To evaluate differences between survivors and non-survivors and provide possible independent risk factors for ICU mortality.
Single centre observational retrospective study in a 14-bed Intensive Care Unit of a University Hospital. All haematological patients admitted between January-2009 and December-2014 were enrolled. Data acquired included: demographics characteristics, haematological diagnosis, reason of ICU admission, severity-of-illness scores (APACHE and SOFA) and intensive care therapy (mechanical ventilation (VM), extrarenal therapy depuration (ETD) and vasopressor support (VS)).
We included 38 patients in the study,15(39,47%) were survivors and 23(60,52%) were non-survivors. Median age of 50,47 ± 13,98 vs 59,78 ± 14,73 (p > 0,05) and predominance of males in both groups (60% vs 73,9%, p > 0,05), respectively.
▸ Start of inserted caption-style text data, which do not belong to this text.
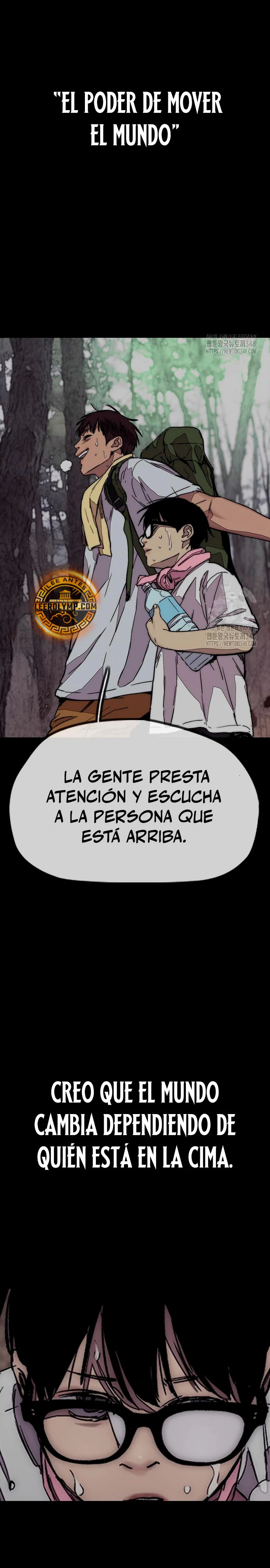 Wind Breaker (RompeVientos) > Capitulo 510 > Page 351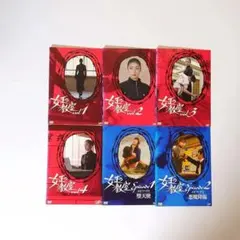 2026年最新】女王の教室 dvd 天海祐希の人気アイテム - メルカリ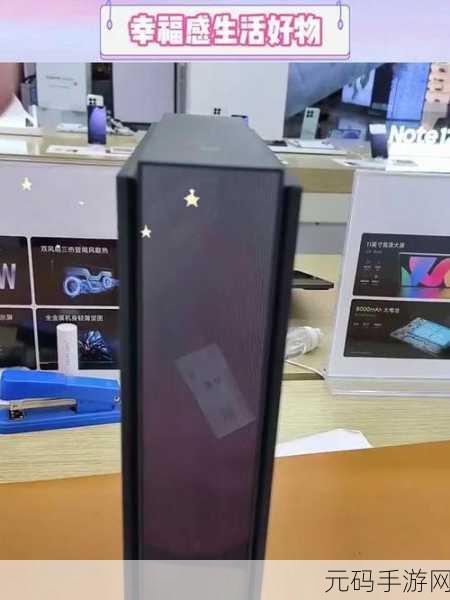 探索小米 6500pro 路由器的全新酷炫功能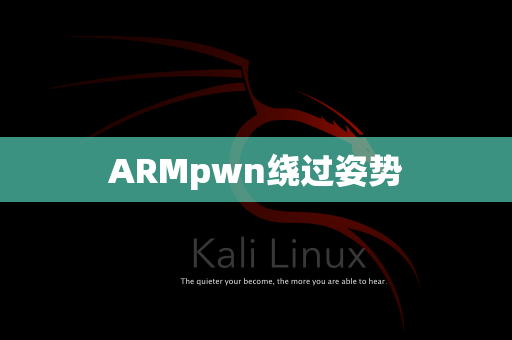 ARMpwn绕过姿势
In both groups non-Hodgkin lymphoma was the most frequent haematological malignancy, 53% and 30,4 %, survivors and non-survivors respectively and acute respiratory failure was the most frequent reason for ICU admission(66% and 39,1%, respectively). Intergroup comparisons revealed statistically significant differences in APACHE (19,73 ± 8,05 vs 26,48 ± 8,74, p < 0,05) and SOFA (9 ± 3,4 vs 11,83 ± 3,23, p < 0.05). During the first 24h of ICU admission, 60% of the survivors patients had 2 or more organ failures, and 73,9% in non-survivors group. During evolution in ICU, survivors patients required VM and VS in 80% and 66,7%, respectively. None of them needed EDT. Non-survivors required VM and VS in 91% and 95,7% respectively, and 17,4% needed EDT. There were no statistically significant differences in ICU support therapies between survivors and non-survivors. No independent risk factors for mortality were found by logistic regression analysis.
Mortality in patients with haematological malignancies remains high. There were significant differences in severity-of-illness scores during the first twenty-four hours of ICU admission between survivors and non-survivors. No significant differences in intensive care therapy were found between groups during ICU hospitalization.